CARCERI, DOPO 46 GIORNI SOSPESO LO SCIOPERO DELLA FAME 14 aprile 2014

Ieri sera, dopo 46 giorni di sciopero della fame, ho sospeso il mio Satyagraha che ho condotto assieme ad altre più di 1.500 persone che stanno, con la loro nonviolenza, scandendo i giorni che ci separano dal quel 28 maggio che la Corte EDU ha fissato per l’Italia affinché ponga fine all’infamia in corso dei trattamenti inumani e degradanti ai quali sono sottoposti i detenuti nelle nostre carceri.
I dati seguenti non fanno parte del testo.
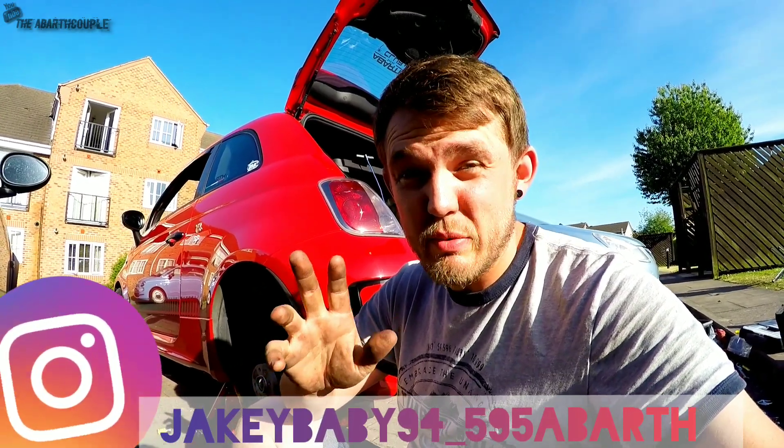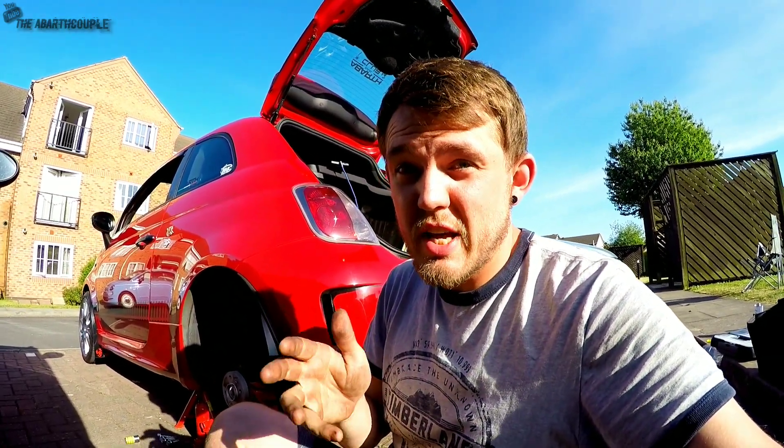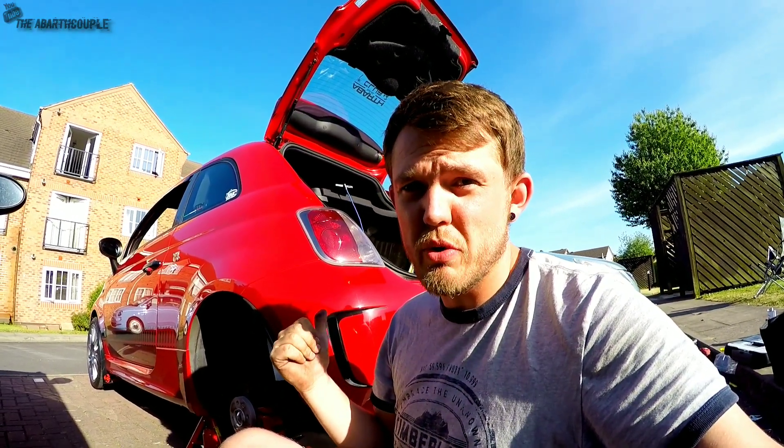Hi guys, welcome back to the channel. Today we're doing a very small video. I'm just going to show you guys how I've wired my exhaust wide open.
La mia sospensione – che interviene nel momento in cui la mia forza fisica è notevolmente provata – è dovuta innanzitutto alla mozione approvata ieri dal Comitato Nazionale di Radicali italiani, alle 36 persone, compagne e compagni membri del Comitato e non solo, che attraverso il loro di sciopero della fame hanno deciso di rilanciare il Satyagraha in corso, e a un dossier sulle carceri elaborato dall’avv. Debora Cianfanelli che il parlamentino di Radicali italiani ha deciso di trasmettere al Comitato dei Ministri del Consiglio d’Europa.
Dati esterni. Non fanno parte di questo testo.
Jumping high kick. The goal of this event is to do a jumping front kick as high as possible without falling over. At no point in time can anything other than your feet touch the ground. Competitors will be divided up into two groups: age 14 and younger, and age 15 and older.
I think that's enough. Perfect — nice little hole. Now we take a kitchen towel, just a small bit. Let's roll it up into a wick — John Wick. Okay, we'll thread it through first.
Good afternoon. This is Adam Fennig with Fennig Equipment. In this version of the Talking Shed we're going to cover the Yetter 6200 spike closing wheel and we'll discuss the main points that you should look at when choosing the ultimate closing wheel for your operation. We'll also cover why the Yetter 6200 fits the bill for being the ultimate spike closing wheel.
Per il resto, dal mondo esterno al nostro, “radicale” – tralasciando l’ostracismo del servizio pubblico radiotelevisivo al quale NON vogliamo certo rassegnarci e che combatteremo con le nostre armi, quelle della nonviolenza – mi piace porre in evidenza che il nostro Paese ha ancora la grande risorsa istituzionale e umana del nostro Presidente della Repubblica che, con il suo messaggio alle Camere di sei mesi fa, ha voluto indicare (purtroppo inascoltato) al Parlamento l’obbligo di uscire immediatamente dall’illegalità di una pena carceraria e di una “giustizia” che violano da decenni diritti umani fondamentali. “Non bisogna perdere nemmeno un giorno”, aveva detto il nostro Presidente Napolitano – Supremo Garante della Costituzione – e noi abbiamo contato e stiamo contando quelli che non vorremmo più fossero i giorni dell’infamia della nostra democrazia sempre più “reale”, come lo fu in passato il “comunismo reale”.

Nel mio e nostro “piccolo” riteniamo un successo aver costretto il Dipartimento dell’Amministrazione Penitenziaria a fornire finalmente (anche se parzialmente) il dato effettivo della capienza regolamentare dei nostri 205 istituti penitenziari: non 49.000 o 50.000 come veniva costantemente riferito pubblicamente, ma 43.500 per 60.000 detenuti. E a questi vanno ancora sottratti i posti inutilizzati e inutilizzabili, come ad esempio in Sardegna e negli OPG.